* [Dataset extract]:

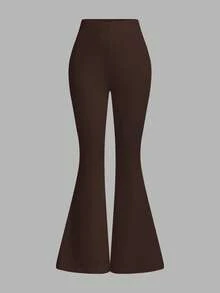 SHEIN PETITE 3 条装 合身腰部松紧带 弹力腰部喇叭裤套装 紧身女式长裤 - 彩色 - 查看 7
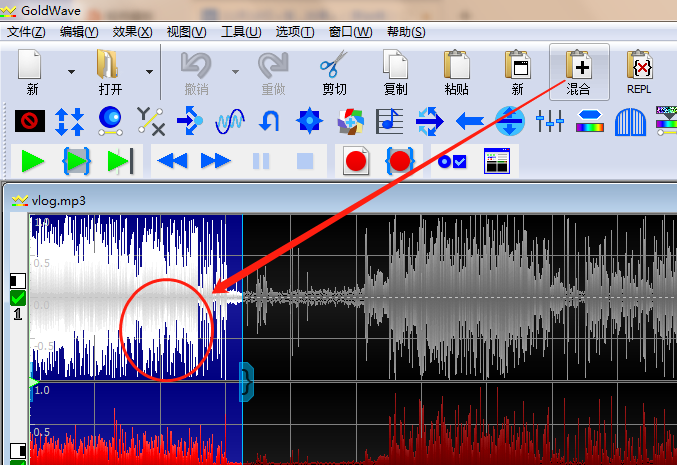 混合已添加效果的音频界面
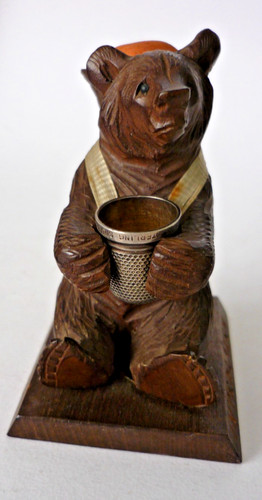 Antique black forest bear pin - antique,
--
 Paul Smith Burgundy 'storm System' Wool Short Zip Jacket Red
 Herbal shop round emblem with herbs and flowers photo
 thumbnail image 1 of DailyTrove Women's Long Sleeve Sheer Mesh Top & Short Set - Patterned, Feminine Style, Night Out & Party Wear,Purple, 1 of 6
--
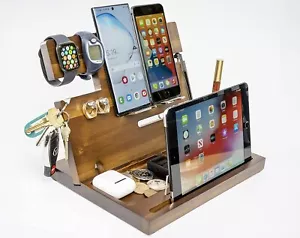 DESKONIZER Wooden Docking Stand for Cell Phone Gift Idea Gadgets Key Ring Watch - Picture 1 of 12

* [Task description]: Going down the listing above, begin printing at the line with "Herbal shop round" and finish with the line with "thumbnail image 1", exactly as they appear.

* [Problem solution]:
 Herbal shop round emblem with herbs and flowers photo
 thumbnail image 1 of DailyTrove Women's Long Sleeve Sheer Mesh Top & Short Set - Patterned, Feminine Style, Night Out & Party Wear,Purple, 1 of 6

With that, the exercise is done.